Si esta forma de mostrarnos obedeciese a un gusto muy personal, estaría muy bien, el problema es que en la mayoría de las ocasiones seguimos modas y patrones y no reflexionamos por qué hacemos determinadas cosas. Otro ejemplo es fumar. A nadie que haya probado su primer cigarro le ha gustado, más bien le ha causado tos y le ha dejado un regusto asqueroso en la boca. Con los tacones pasa igual. Andar con ellos genera una sensación corporal de desequilibrio e inseguridad, entonces ¿por qué insistir?

A un nivel emocional y simbólico, ¿por qué querríamos sentirnos así, salvo que estemos entrenando para trabajar como equilibristas en un circo? ¿No será porque las mujeres tenemos que estar siempre demostrando que valemos y nos superamos cada día haciendo lo imposible? ¿Se trata de una costumbre adoptada por las propias mujeres o es otra herencia del machismo para que nos sintamos en desventaja?

Me sorprende que desde el feminismo no se haya cuestionado todavía este tema, porque nuestro avance en esas condiciones de inseguridad siempre será más lento que el del hombre por razones obvias. Todo depende de cómo queramos movernos en el mundo, con firmeza, pisando bien la tierra y conectándonos con su energía o como si estuviésemos siempre en una cuerda floja.

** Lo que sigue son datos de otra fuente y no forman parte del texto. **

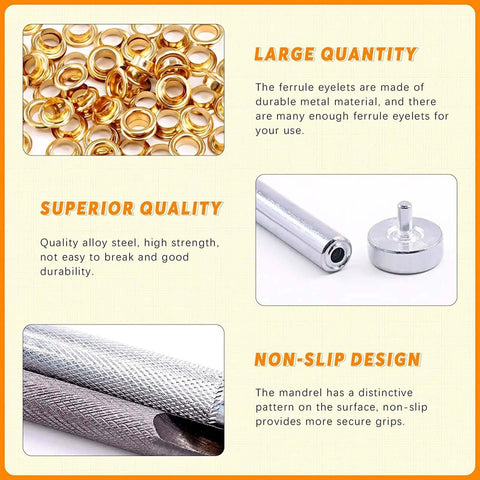 Close-up of 200 Piece Thickened Grommet Eyelets Kit 5/16 Inch With 4 Piece Installing Tool And Washers in gold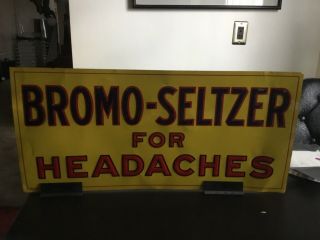 Bromo - Seltzer For Headaches Tin Sign Advertising Grocery Store
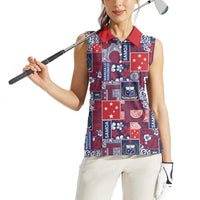 Red Samoa Manuia Le Kerisimasi Women Sleeveless Polo Shirt Pacific Patchwork Xmas Vibes - Polynesian Pride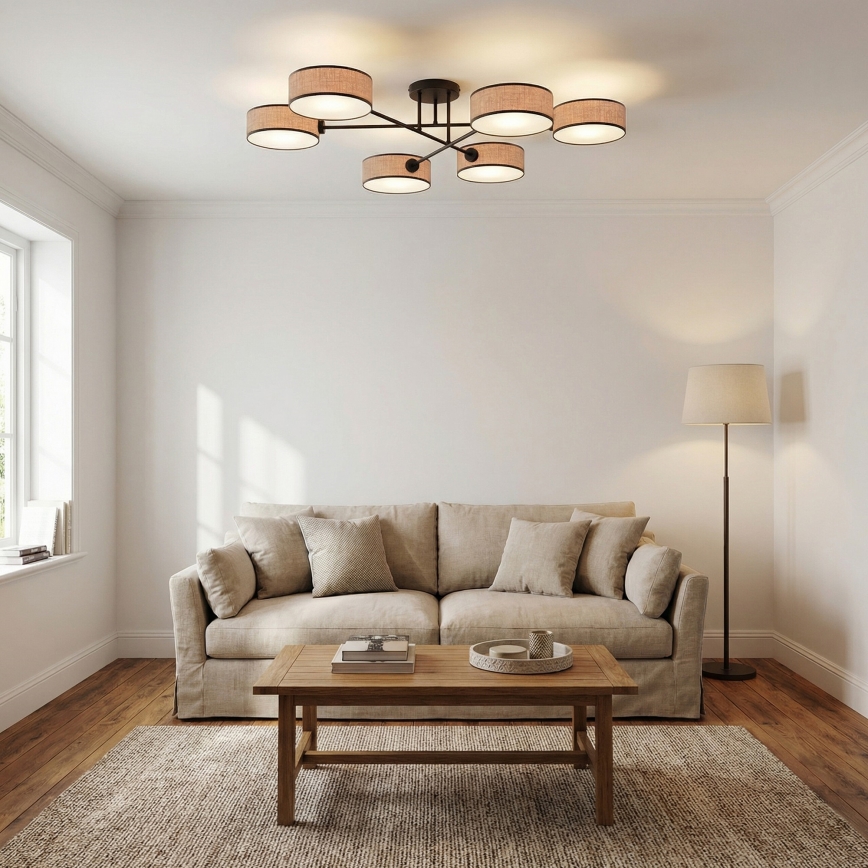 Ytmonterad taklampa MAGA 6xE14/10W/230V beige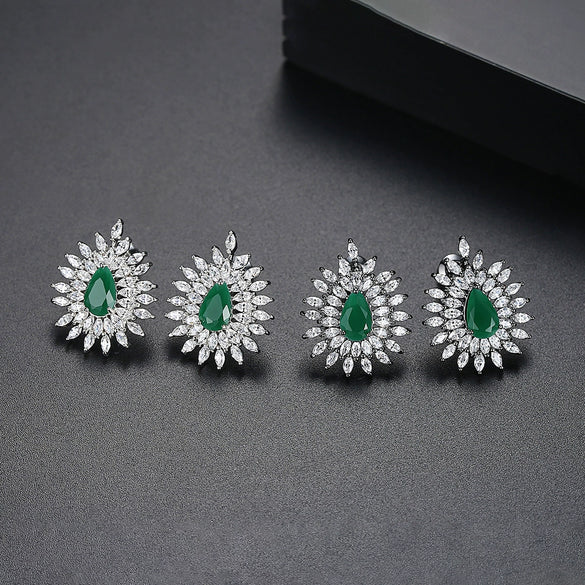 Women's Copper Flower Water Drop Earrings With Inlaid Zircon Fashion Statement Jewelry Wholesale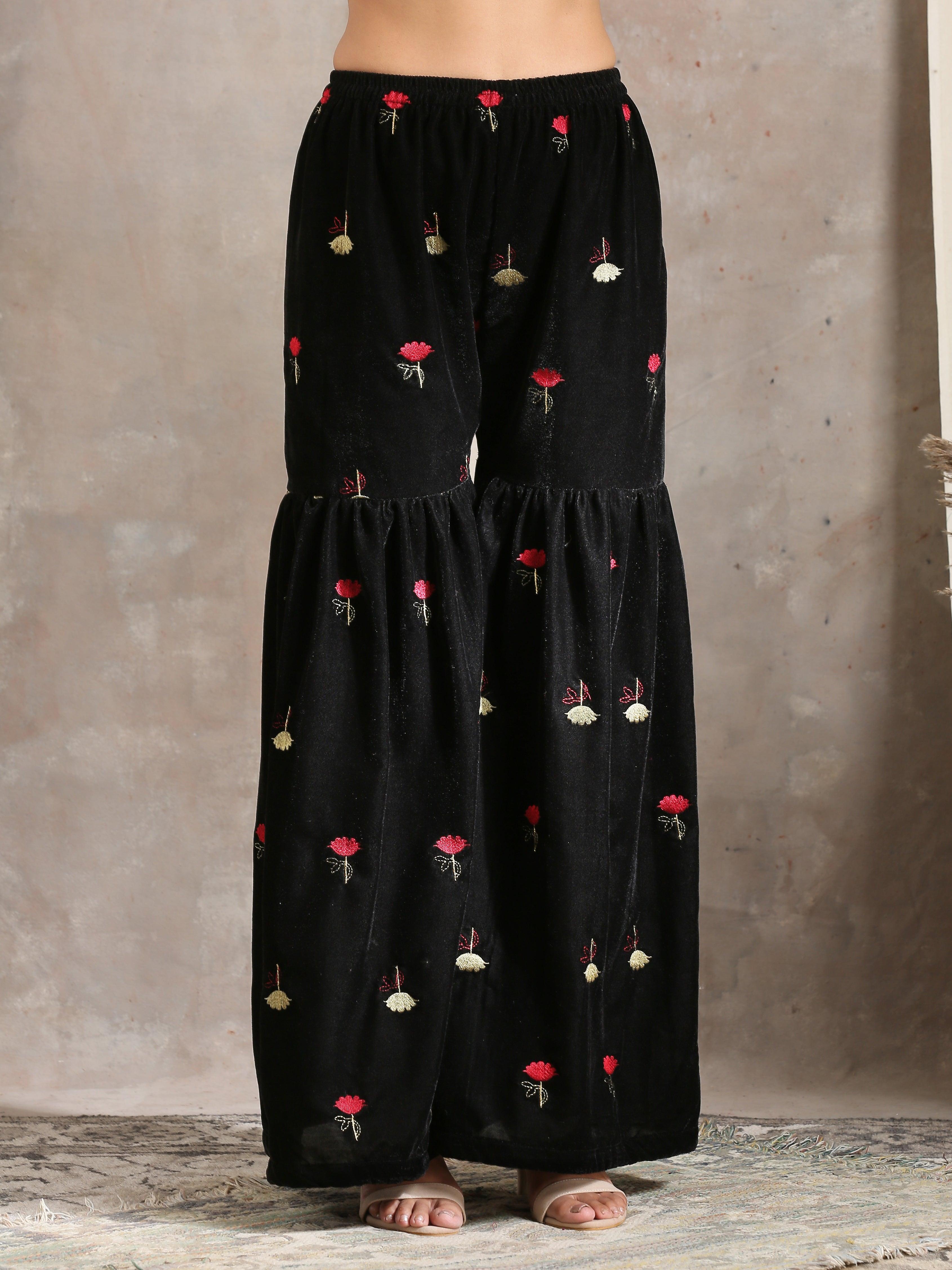 trueBrowns Black Velvet Embroidered Kurta Sharara Set - Distacart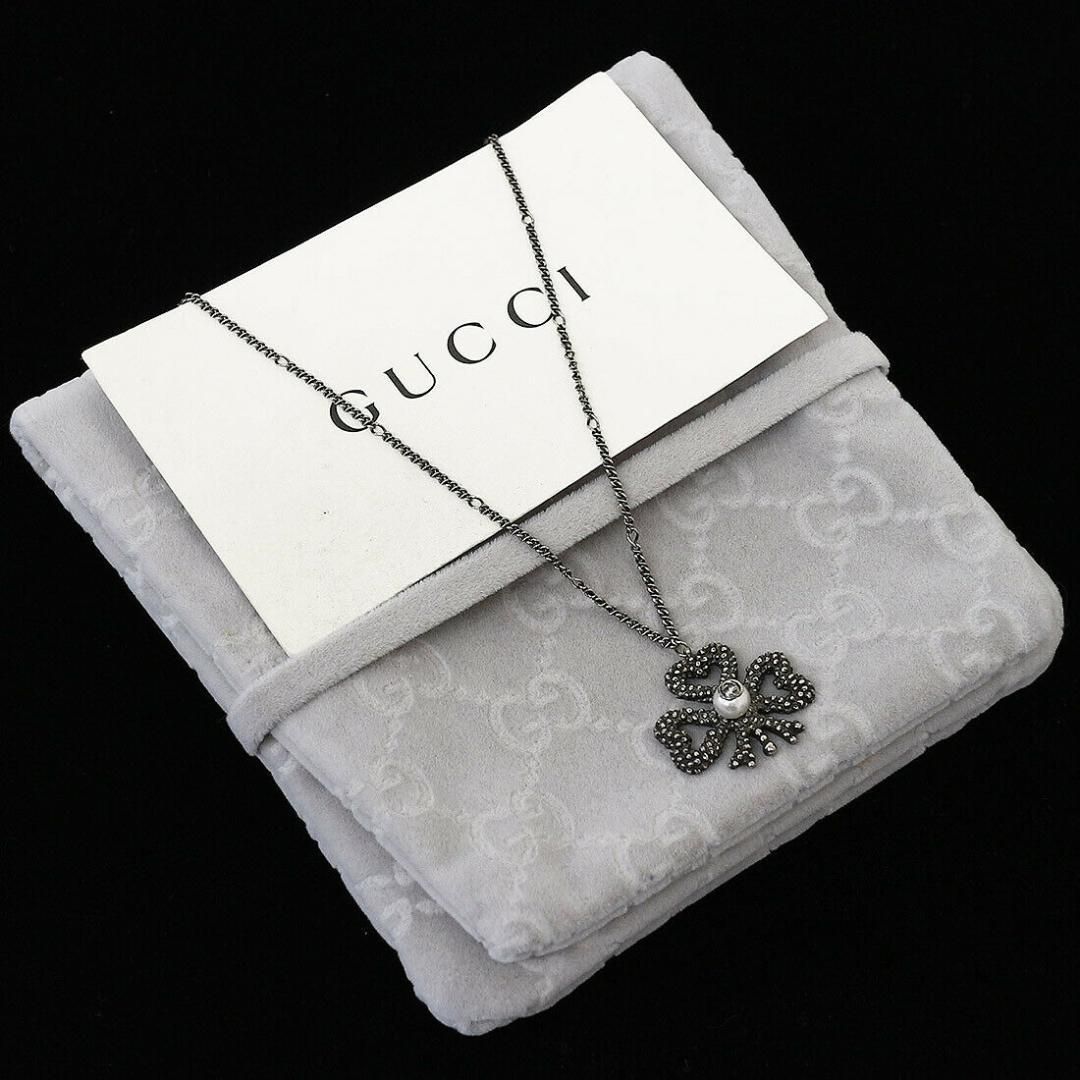 GUCCI グッチ クローバー フェイクパール デザイン ネックレス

Se me ocurre argumentar también qué sucede cuando vas a perder el autobús, llegas tarde a recoger a tu hijo al colegio o te persigue un agresor. ¿Puedes acaso correr? ¿No crees que los tacones te incapacitan para esa función tan natural y, en el peor de los casos, te hacen más vulnerable a la hora de huir de un peligro?

Por más tacones que nos pongamos, el techo de cristal lo colocan cada vez más alto. ¿Se trata de ser eficientes, de sentirnos realizadas o de estar monas según unos estándares que con toda seguridad nos han sido impuestos?

La apariencia y los zapatos de tacón tampoco garantizan nada hoy en día: ni un buen ascenso ni un buen matrimonio… ¡jajaja! Digo esto porque en China creían que tener los pies pequeños aseguraba casorios más provechosos. Pero lo que se consideraba socialmente una forma de andar refinada, se traducía para la mujer en dolor, reducción de la movilidad, caídas frecuentes y dependencia de terceros.

Tenemos pies como el hombre. ¿Acaso utiliza él alguna indumentaria que le reste comodidad, autonomía o que condicione de forma tan evidente su “equilibrio” en el mundo? ¿Por qué usar un elemento que nos limita en tantos aspectos? Y, además, tenemos incorporada una falsa idea: relacionamos el uso de tacones con la “elegancia” en el vestir.

Evidentemente todo depende de cómo lo experimenta cada mujer, pero sugiero que pongamos atención en cómo se sienten nuestros pies y nuestro cuerpo caminando con y sin tacones. Después de eso, reflexionar sobre los pros y los contras de utilizarlos en la vida diaria, su simbolismo y los estereotipos asociados y, finalmente, decidir con libertad cómo queremos mostrarnos al mundo.

Especialmente ahora que apostamos de forma irrenunciable por la igualdad.